A longstanding goal of the field of AI is a strategy for compiling diverse experience into a highly capable, generalist agent. In the subfields of vision and language, this was largely achieved by scaling up transformer-based models and training them on large, diverse datasets. Motivated by this progress, we investigate whether the same strategy can be used to produce generalist reinforcement learning agents. Specifically, we show that a single transformer-based model -- with a single set of weights -- trained purely offline can play a suite of up to 46 Atari games simultaneously at close-to-human performance. When trained and evaluated appropriately, we find that the same trends observed in language and vision hold, including scaling of performance with model size and rapid adaptation to new games via fine-tuning. We compare several approaches in this multi-game setting, such as online and offline RL methods and behavioral cloning, and find that our Multi-Game Decision Transformer models offer the best scalability and performance. We release the pre-trained models and code to encourage further research in this direction.

Overview of the training and evaluation setup

We observe expert-level game-play in the interactive setting after offline learning from trajectories ranging from beginner to expert.

Decision Transformers Architecture

Following [1], we pose the problem of offline reinforcement learning as a sequential modeling problem. Returns, actions, and rewards are tokenized, and we train the model to predict the next return, action, and reward discrete token in a sequence via standard cross-entropy loss. However, unlike [1], our design allows predicting the return distribution and sampling from it, instead of relying on a user to manually select an expert-level return at inference time.

Experiments

How do different online and offline methods perform in the multi-game regime?

We train a single agent that achieves 126% of human-level performance simultaneously across 41 Atari games after training on offline expert and non-expert datasets.

Aggregates of human-normalized scores across 41 Atari games. Grey bars are single-game specialist models while blue are generalists. We also report the performance of Deep Q-Network (DQN) [2], Batch-Constrained Q-learning (BCQ) [11], Behavioral Cloning (BC) [4], and Constrained Q-Learning (CQL) [6].

How do different methods scale with model size?

In large language and vision models, lowest-achievable training loss typically decreases predictably with increasing model size [10]. We investigate whether similar trends hold for interactive in-game performance -- not just training loss -- and show a similar power-law performance trend.

Multi-Game Decision Transformer performance reliably increases over two orders of magnitude, whereas the other methods either saturate, or have much slower performance growth. We also find that larger models train faster, in the sense of reaching higher in-game performance after observing the same number of tokens.

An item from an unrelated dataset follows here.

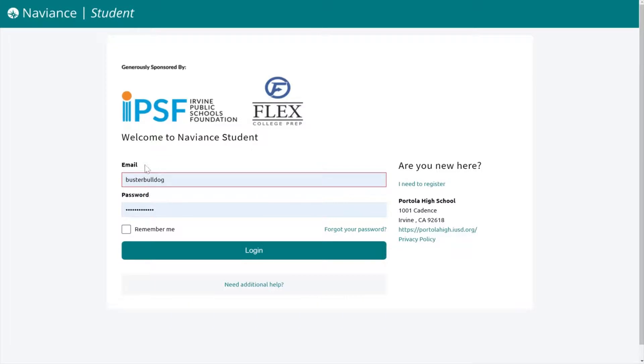Then go ahead and log in using your computer ID as well as your nine digit password.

Scaling of median scores for all training games.

Scaling of median scores for all novel games after fine-tuning DT and CQL.

How effective are different methods at transfer to novel games?

Pretraining for rapid adaptation to new games has not been explored widely on Atari games despite being a natural and well-motivated task due to its relevance to how humans transfer knowledge to new games.

Pretraining with the DT objective performs the best across all games. All methods with pretraining outperform training CQL from scratch, which verifies our hypothesis that pretraining on other games should indeed help with rapid learning of a new game. CPC and BERT underperform DT, suggesting that learning state representations alone is not sufficient for desirable transfer performance. While ACL adds an action prediction auxiliary loss to BERT, it showed little effect, suggesting that modeling the actions in the right way on the offline data is important for good transfer performance.

Fine-tuning performance on 1% of 5 held-out games' data after pretraining on other 41 games using DT [1], CQL [6], CPC [7], BERT [8], and ACL [9].

We pretrained all methods on the full datasets of the 41 training games with 50M steps each, and fine-tuned one model per held-out game using 1% (500k steps) from each game. All methods are fine-tuned for 100,000 steps, which is much shorter than training any agent from scratch.

Does multi-game decision transformer improve upon training data?

We evaluate whether decision transformer with expert action inference is capable of acting better than the best demonstrations seen during training. We see significant improvement over the training data in a number of games.

Percent of improvement of top-3 decision transformer rollouts over the best score in the training dataset. 0% indicates no improvement. Top-3 metric (instead of mean) is used to more fairly compare to the best -- rather than expert average -- demonstration score.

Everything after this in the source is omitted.